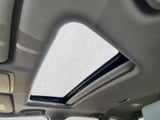 2020 Honda CR-V - Preview 13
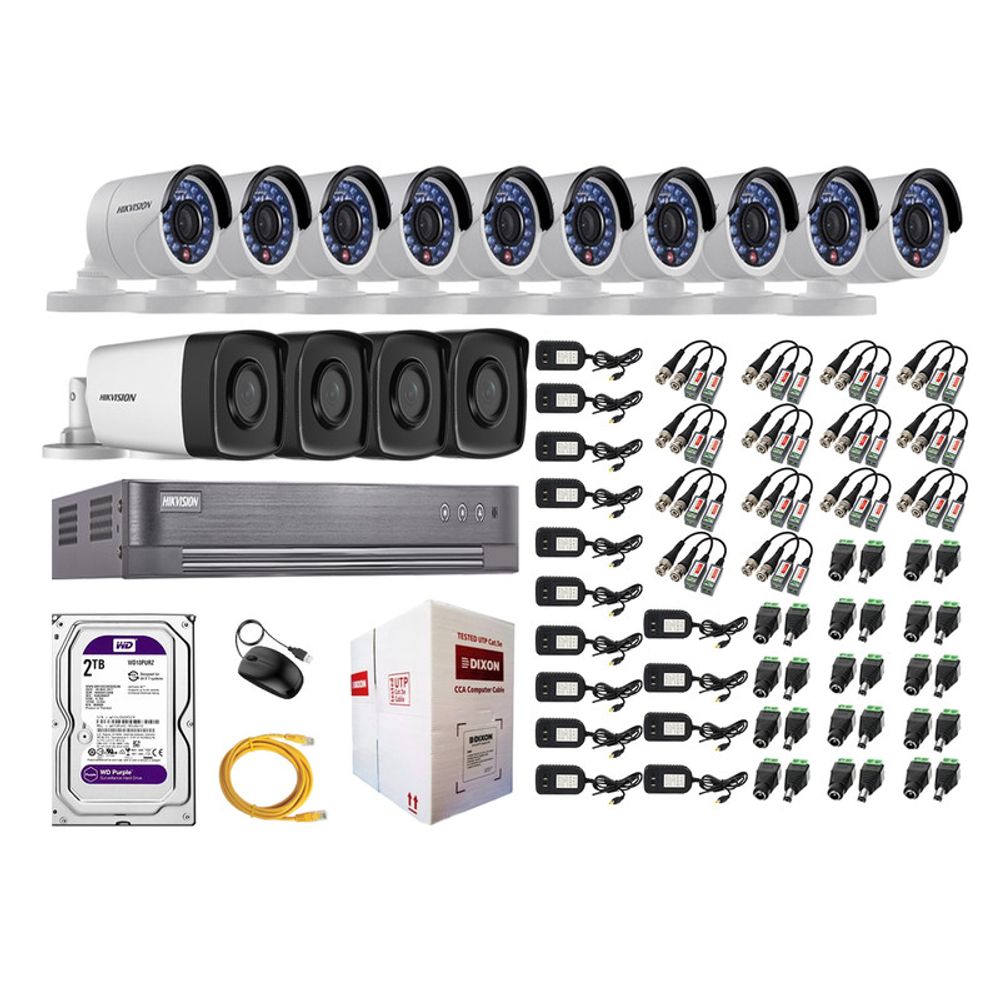 image-0f3dcb8c5cd84c26a745e2fc60c62b2f image-0f3dcb8c5cd84c26a745e2fc60c62b2f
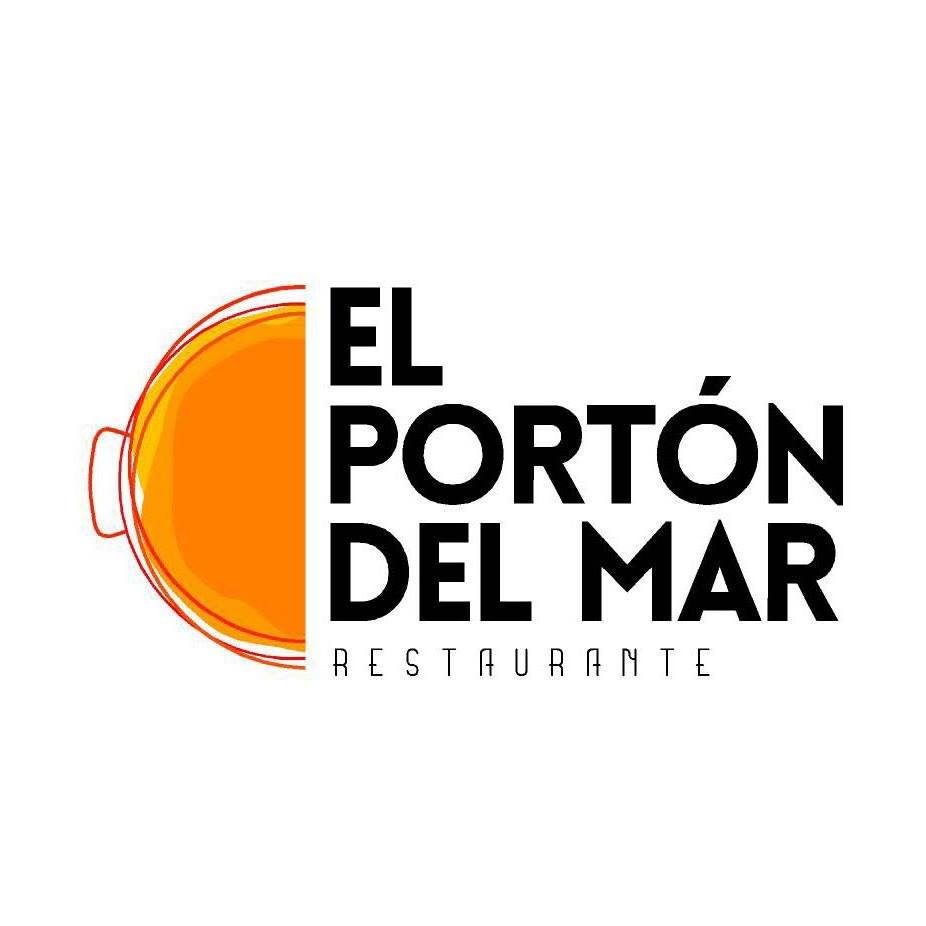 Restaurante El Porton del Mar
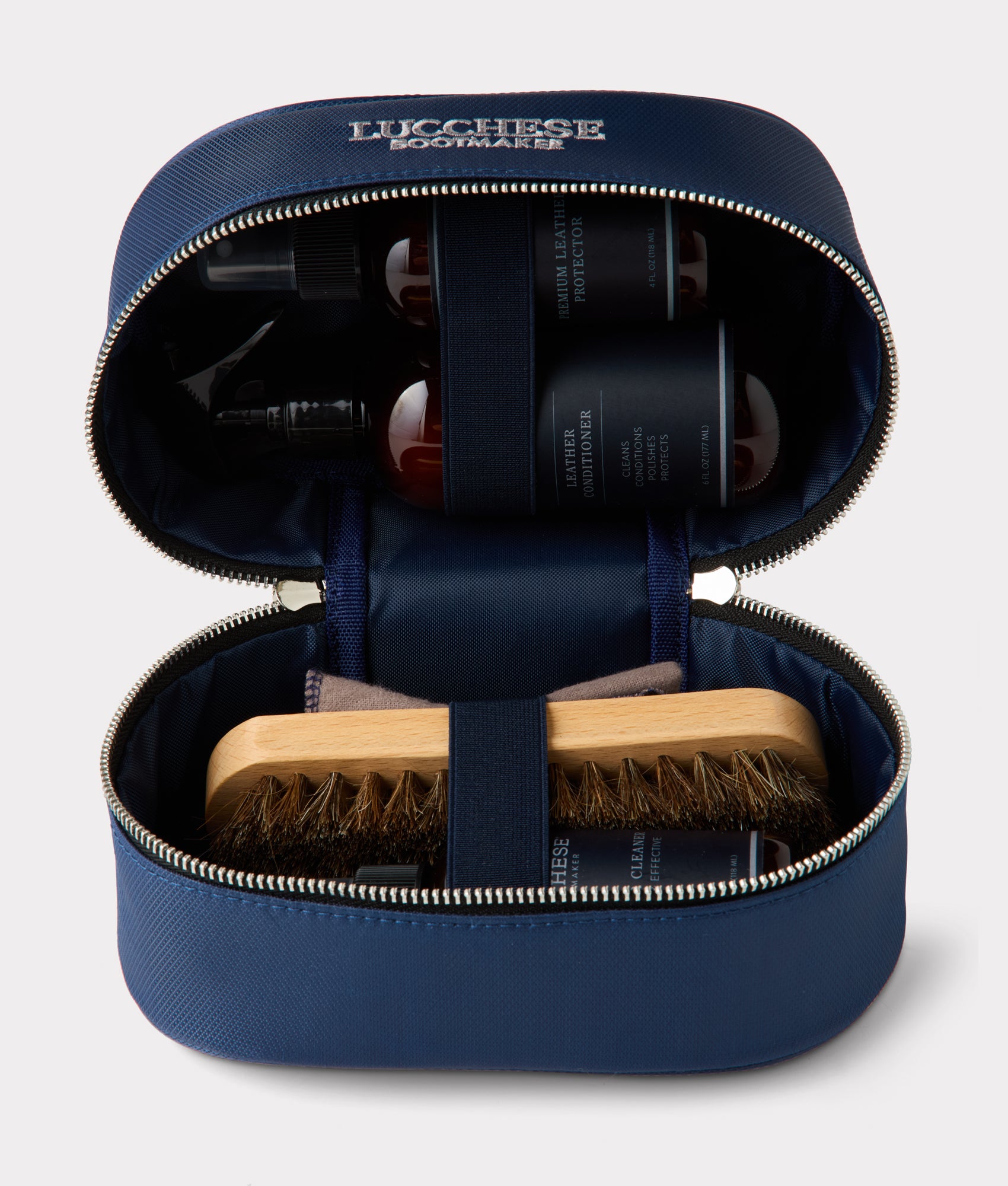 Leather Kit - Image 4
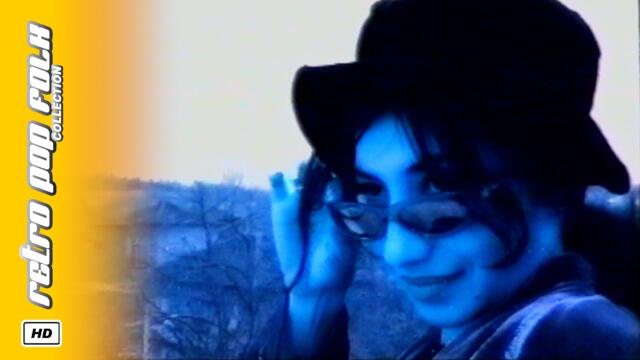 ORK. KRISTALI - RAKIA / ОРК. КРИСТАЛИ - РАКИЯ 1999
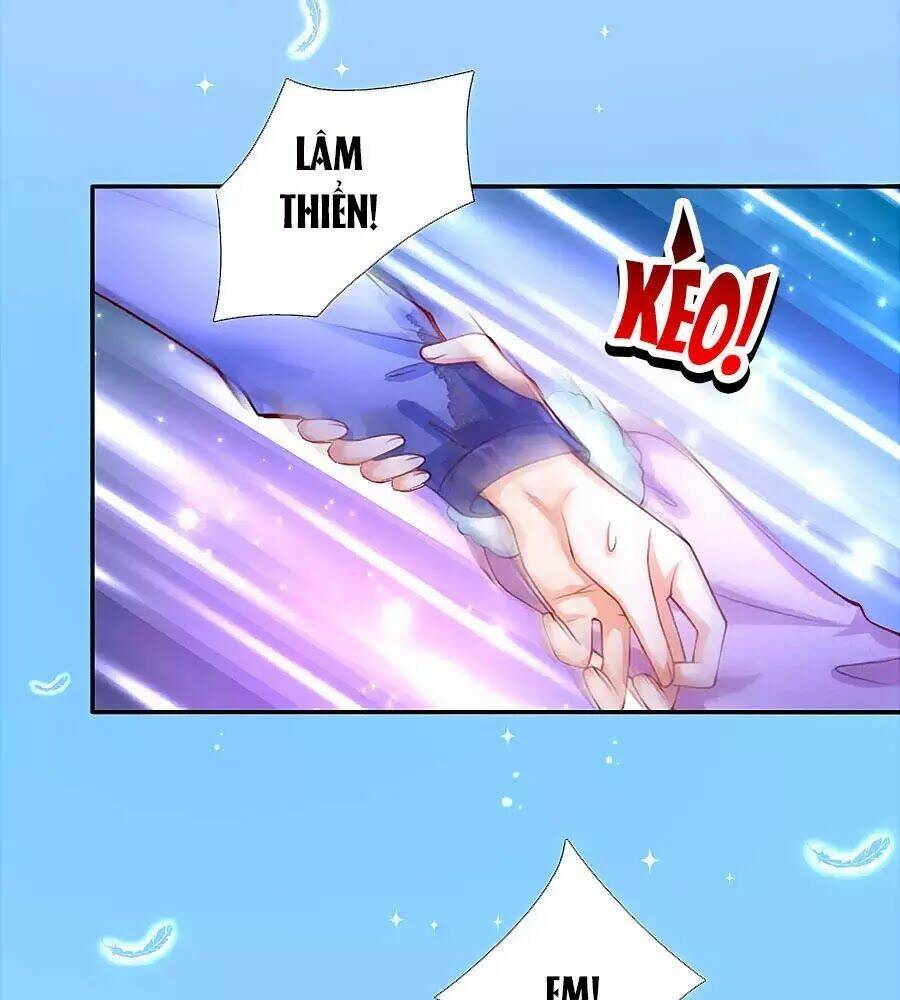 bỗng một ngày trở thành con gái nhà vua chapter 154 41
----------------
Please return the lines from the line with "Restaurante El Porton del Mar" through the last line of the data, both included, exactly, and without pictures.

### Response box
 Restaurante El Porton del Mar
 Leather Kit - Image 4
 ORK. KRISTALI - RAKIA / ОРК. КРИСТАЛИ - РАКИЯ 1999
 bỗng một ngày trở thành con gái nhà vua chapter 154 41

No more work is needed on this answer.